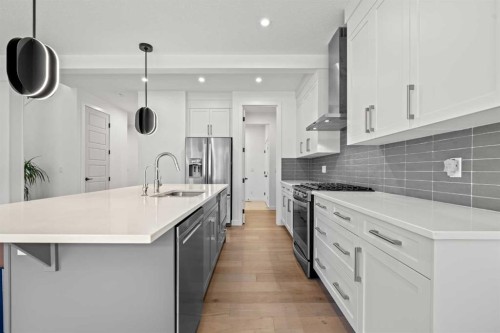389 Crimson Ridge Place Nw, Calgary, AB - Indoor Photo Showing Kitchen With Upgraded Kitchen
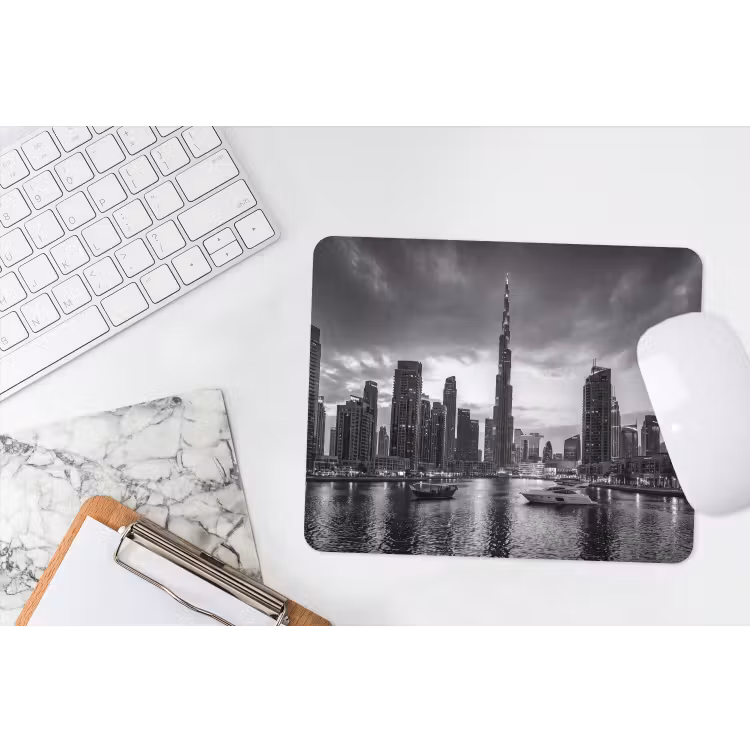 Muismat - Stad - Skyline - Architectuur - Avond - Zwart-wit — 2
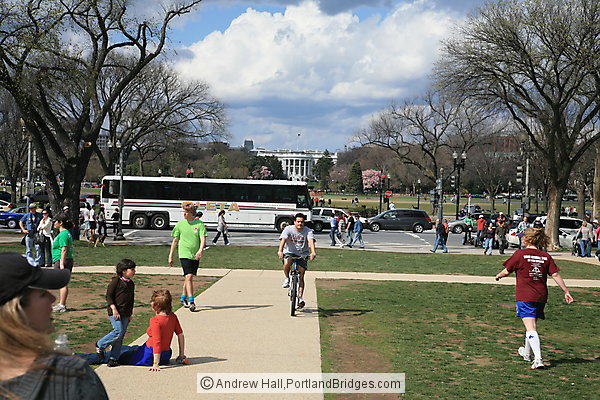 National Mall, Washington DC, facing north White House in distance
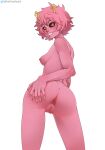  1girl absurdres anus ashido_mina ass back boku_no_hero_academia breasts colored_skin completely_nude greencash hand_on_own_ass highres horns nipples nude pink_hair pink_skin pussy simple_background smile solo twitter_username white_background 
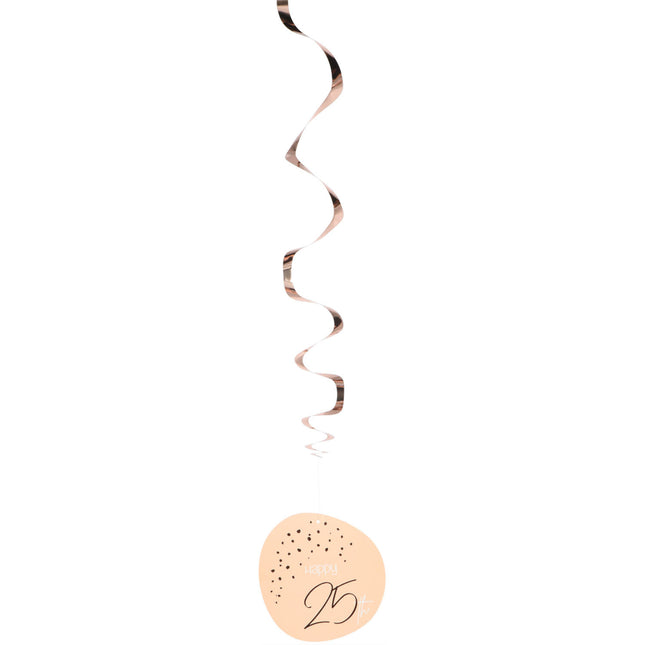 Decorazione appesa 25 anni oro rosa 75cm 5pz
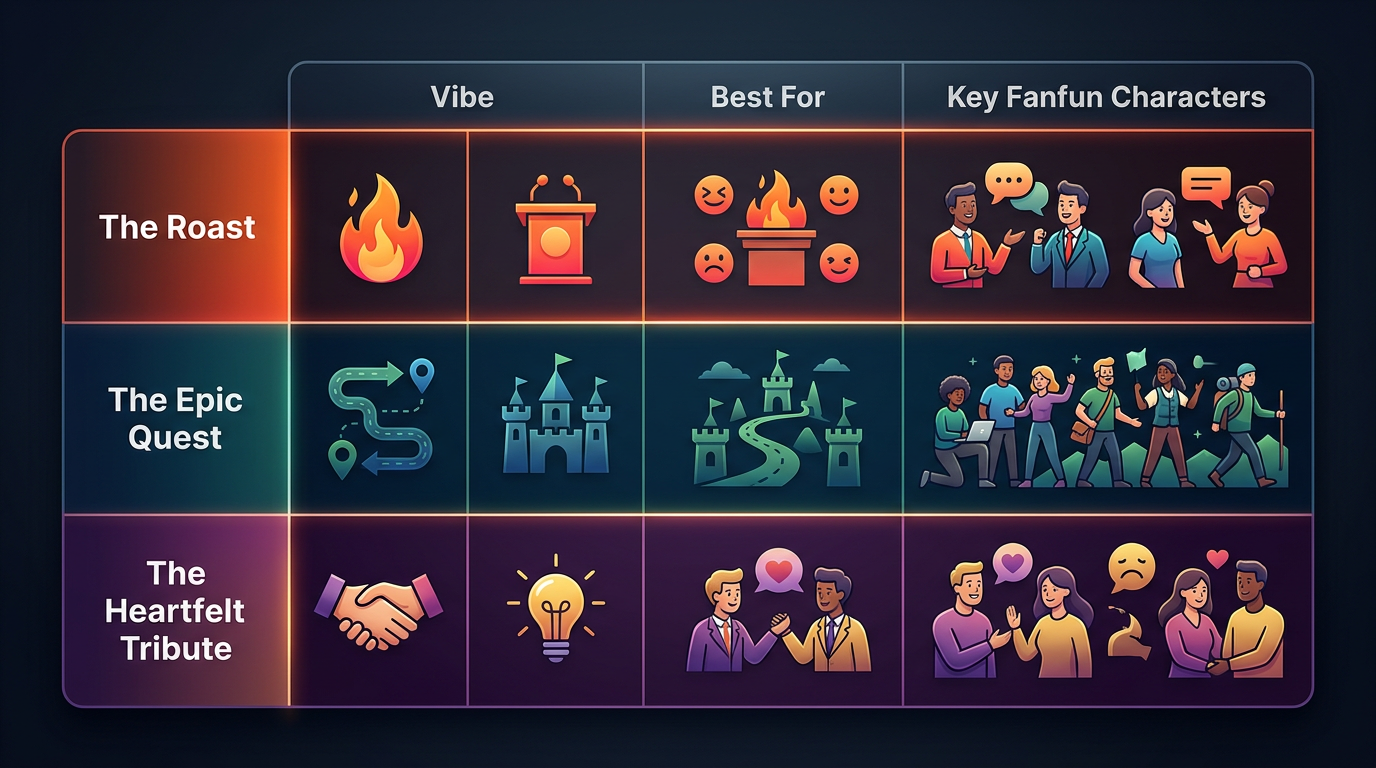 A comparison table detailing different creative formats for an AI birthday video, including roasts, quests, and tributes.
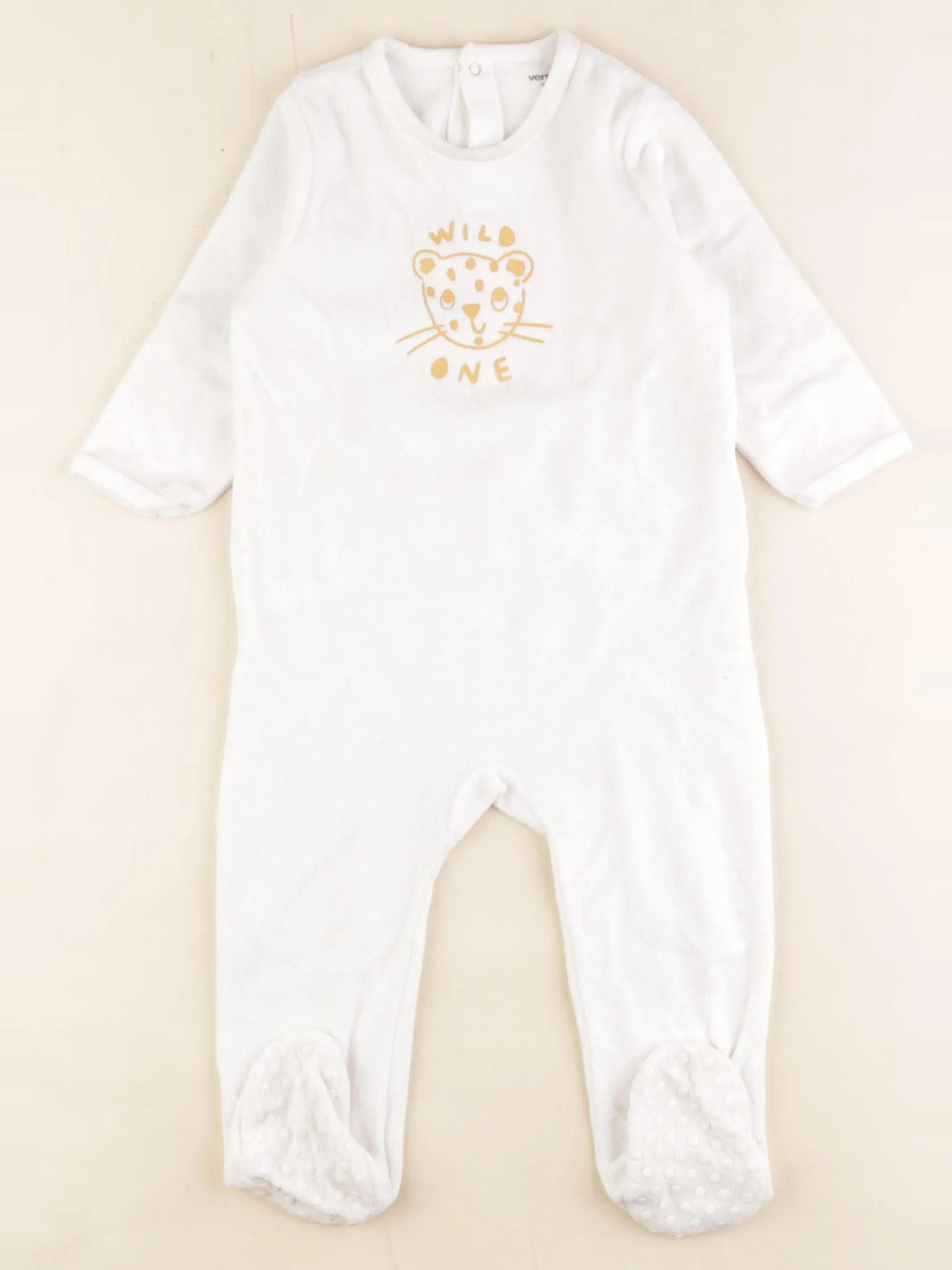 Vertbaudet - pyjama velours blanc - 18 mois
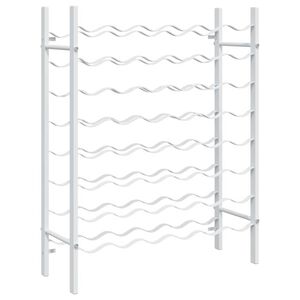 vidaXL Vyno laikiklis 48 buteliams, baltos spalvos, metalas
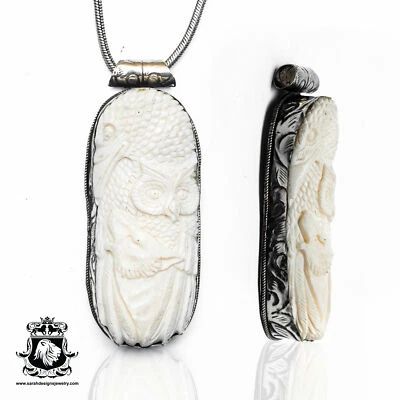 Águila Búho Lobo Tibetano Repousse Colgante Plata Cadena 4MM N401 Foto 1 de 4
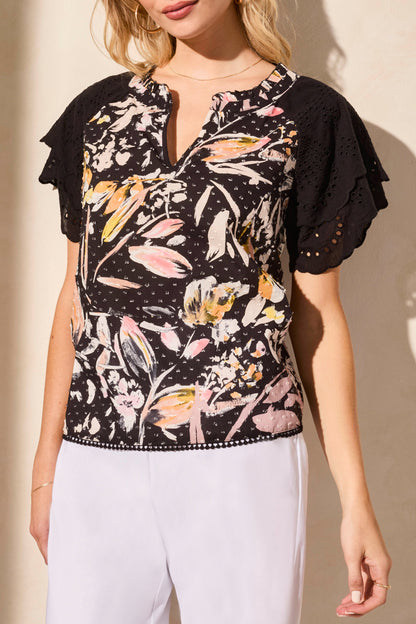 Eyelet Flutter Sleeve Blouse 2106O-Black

INSTRUCTIONS FOR THE TASK: Would you repeat the material above exactly, line for line, from its first line to the line with "National Mall, Washington", including both and skipping every picture?

OUTPUT BELOW:
389 Crimson Ridge Place Nw, Calgary, AB - Indoor Photo Showing Kitchen With Upgraded Kitchen
 Muismat - Stad - Skyline - Architectuur - Avond - Zwart-wit — 2
 National Mall, Washington DC, facing north White House in distance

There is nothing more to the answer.